As the boat pulled back out into the dark harbor waters, James hastened to his forward-most East Battery “situated on the front beach, midway between old Fort Johnson and the Lazaretto Point.” There he ordered both of its 10-inch mortars loaded, while standing off to the right-rear of its right-hand piece with his watch in hand, so as to ensure that the deadline was punctiliously observed. Sometime between 4:25 and 4:30 a.m., he shouted the order for Lt. Henry S. Farley to actually tug the lanyard, discharging the right-hand mortar. Captain Lee, waiting expectantly aboard the emissaries’ boat — which was lying on its oars about one-third the distance between Johnson and Sumter — would record years later:
Captain James was a skillful officer, and the firing of the shell was a success. It burst immediately over the fort, apparently about one hundred feet above.

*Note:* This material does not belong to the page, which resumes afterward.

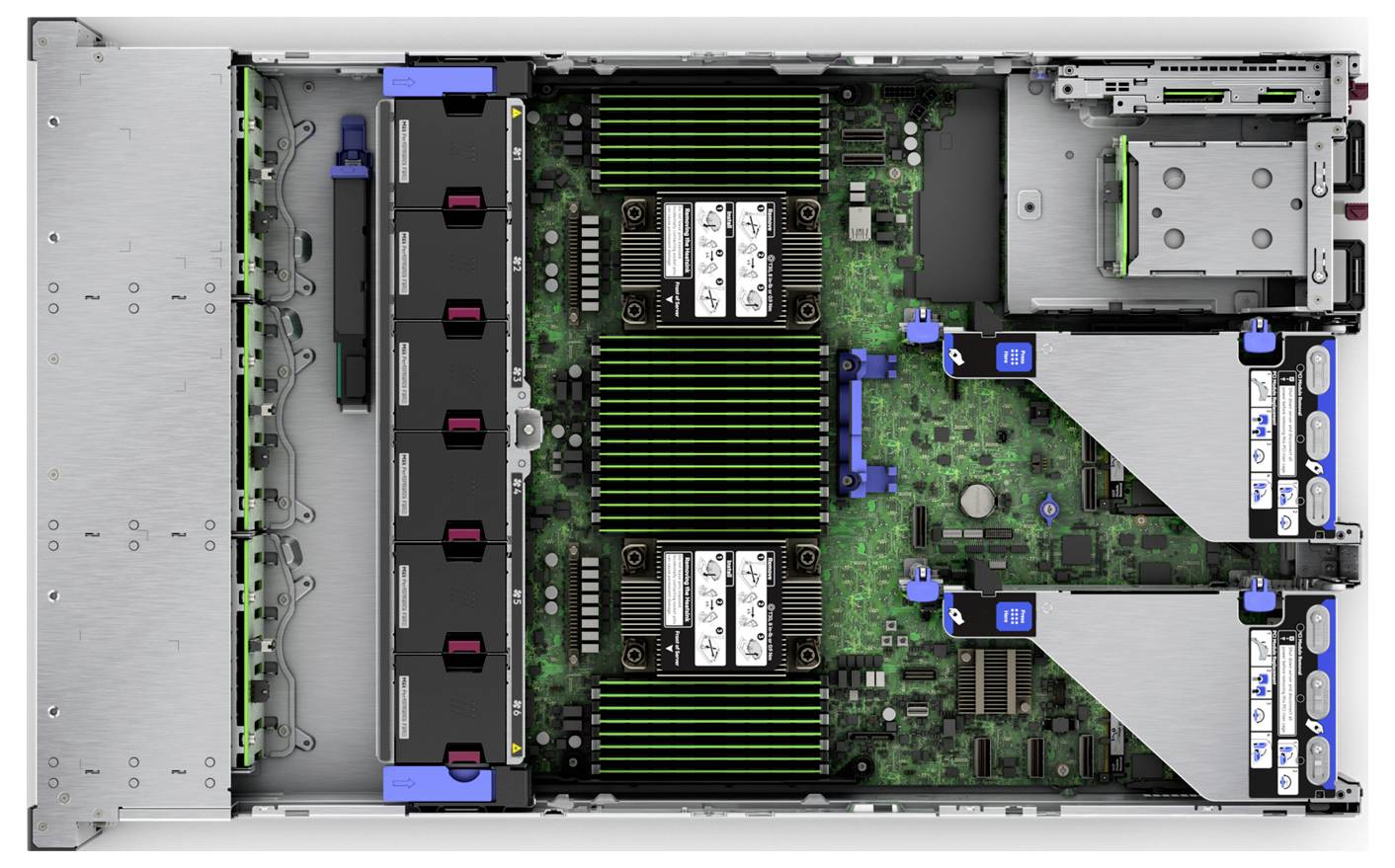 De afbeelding toont het interieur van een computerserver met meerdere geheugenmodules, twee grote koellichamen en talrijke aansluitingen op een groene moederbord.
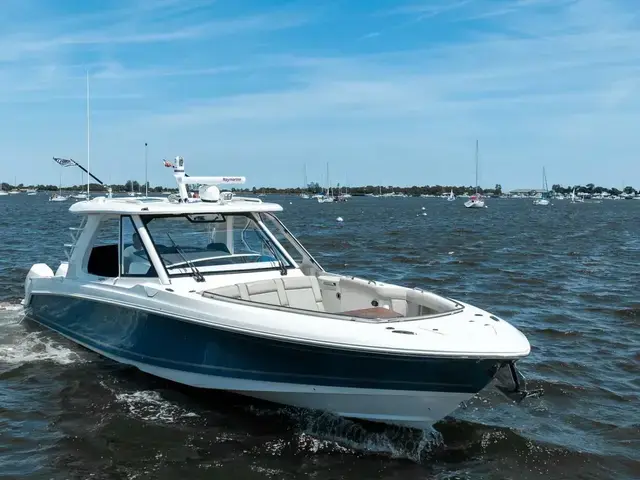 Boston Whaler 380 Realm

In this engraving, published more than three decades afterward in the monthly Confederate War Journal Illustrated, James’s battery can be pinpointed by its arching line of fire at the extreme upper-left. The West or Hill Battery of his subordinate, Lt. Wade Hampton Gibbes, is also shown firing from a still greater distance beyond, to its immediate right. In the near-foreground at left, gunsmoke can be seen curling from the heavily-reinforced Iron Battery, while the Trapier Battery is ensconced at center — its three 10-inch mortars invisible behind their sandbagged epaulements. Note the two cannoneers emerging from the Trapier’s adjoining service-magazine at lower right, carrying a 90-pound mortar shell suspended between them on a handspike. And far across the harbor, Fort Moultrie can be glimpsed amid its own smoke-plumes at the upper right-hand side of this engraving, with the unmistakable bulk of the Moultrie House Hotel looming at extreme right.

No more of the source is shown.